____ Data section
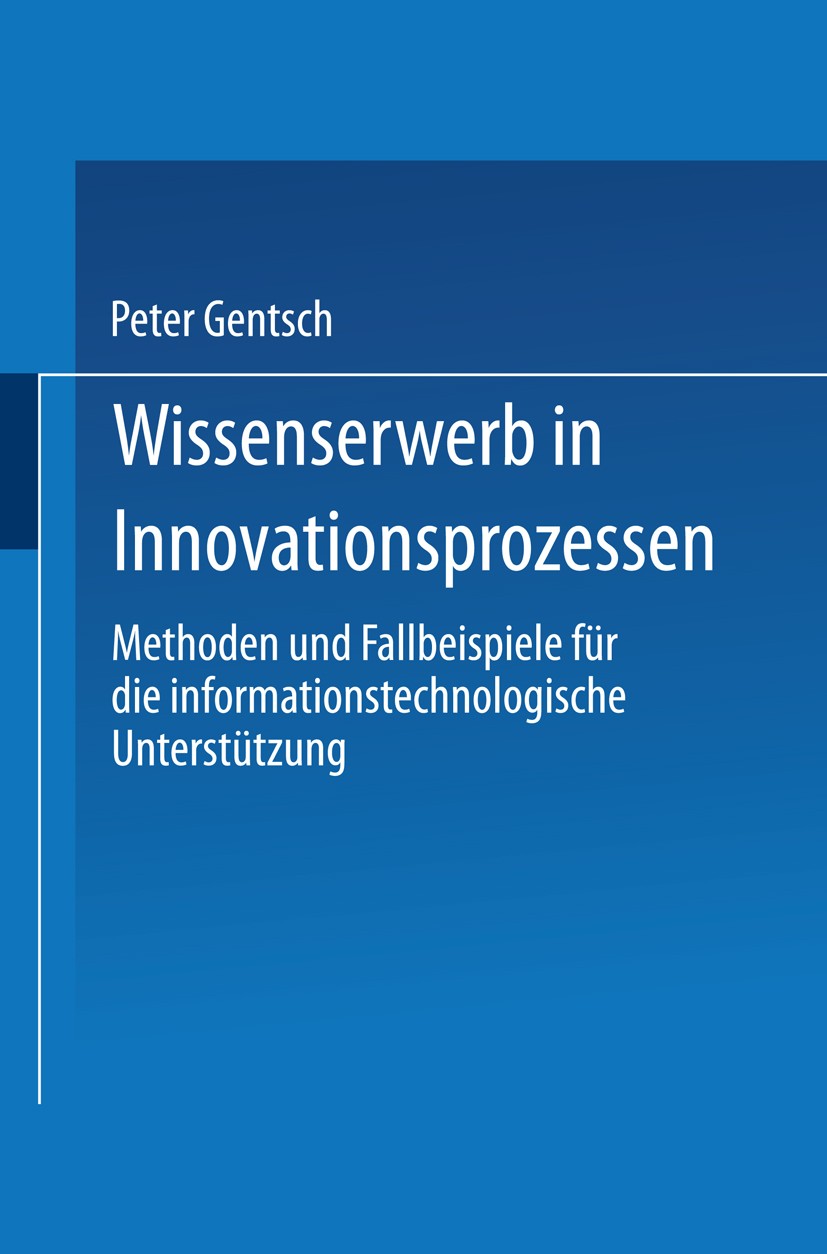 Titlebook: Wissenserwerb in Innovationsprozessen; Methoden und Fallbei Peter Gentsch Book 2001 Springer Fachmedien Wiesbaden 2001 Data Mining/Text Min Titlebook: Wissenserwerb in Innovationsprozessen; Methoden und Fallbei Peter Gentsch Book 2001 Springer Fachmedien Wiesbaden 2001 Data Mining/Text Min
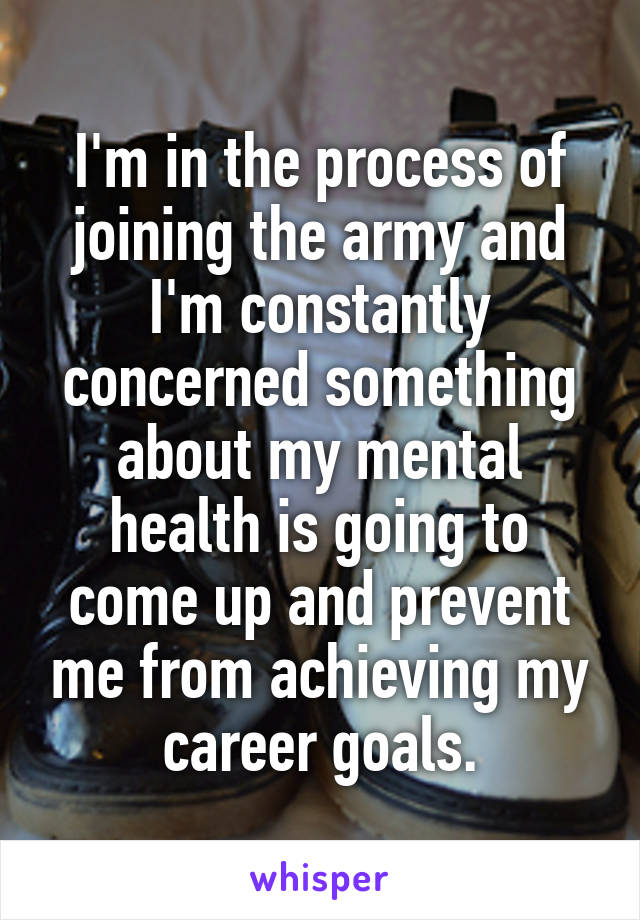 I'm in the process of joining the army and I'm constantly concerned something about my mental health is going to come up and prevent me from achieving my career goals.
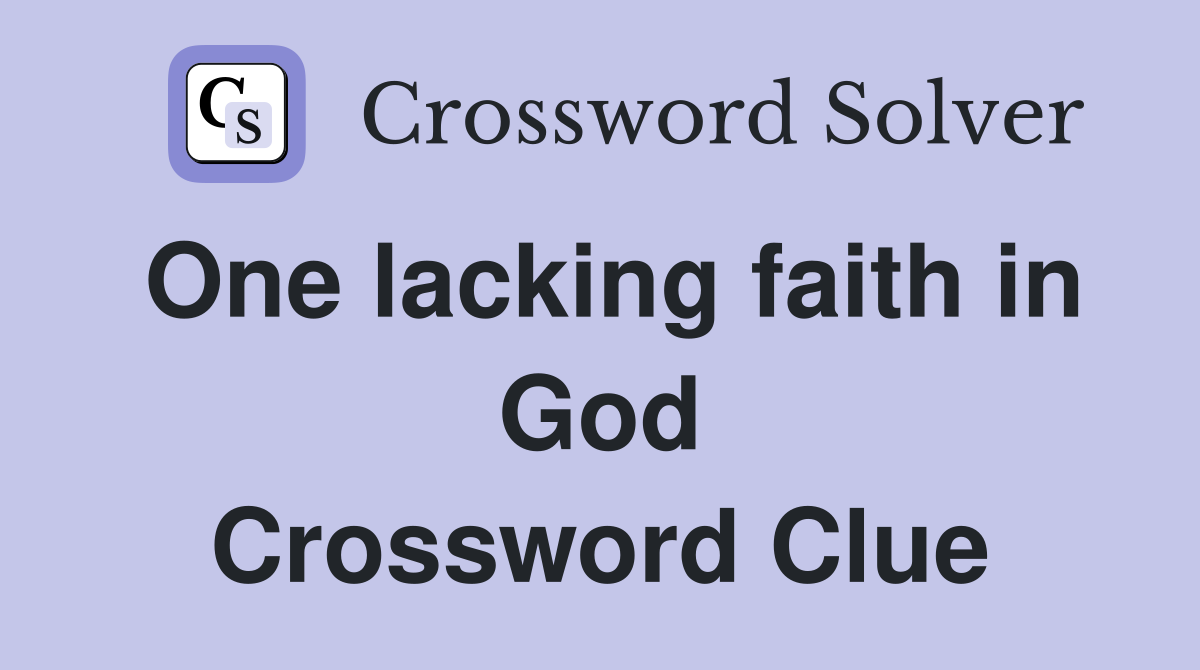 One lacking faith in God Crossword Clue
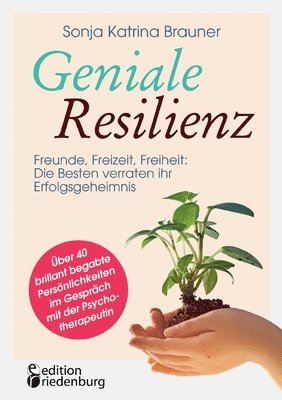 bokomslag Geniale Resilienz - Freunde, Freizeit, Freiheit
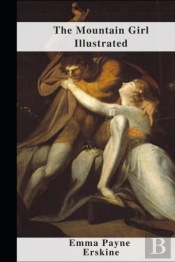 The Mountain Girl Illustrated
________
*Your assignment:*
Please print each entry exactly as it stands, without the pictures.

*Solved problem:*
 Titlebook: Wissenserwerb in Innovationsprozessen; Methoden und Fallbei Peter Gentsch Book 2001 Springer Fachmedien Wiesbaden 2001 Data Mining/Text Min Titlebook: Wissenserwerb in Innovationsprozessen; Methoden und Fallbei Peter Gentsch Book 2001 Springer Fachmedien Wiesbaden 2001 Data Mining/Text Min
 I'm in the process of joining the army and I'm constantly concerned something about my mental health is going to come up and prevent me from achieving my career goals.
 One lacking faith in God Crossword Clue
 bokomslag Geniale Resilienz - Freunde, Freizeit, Freiheit
 The Mountain Girl Illustrated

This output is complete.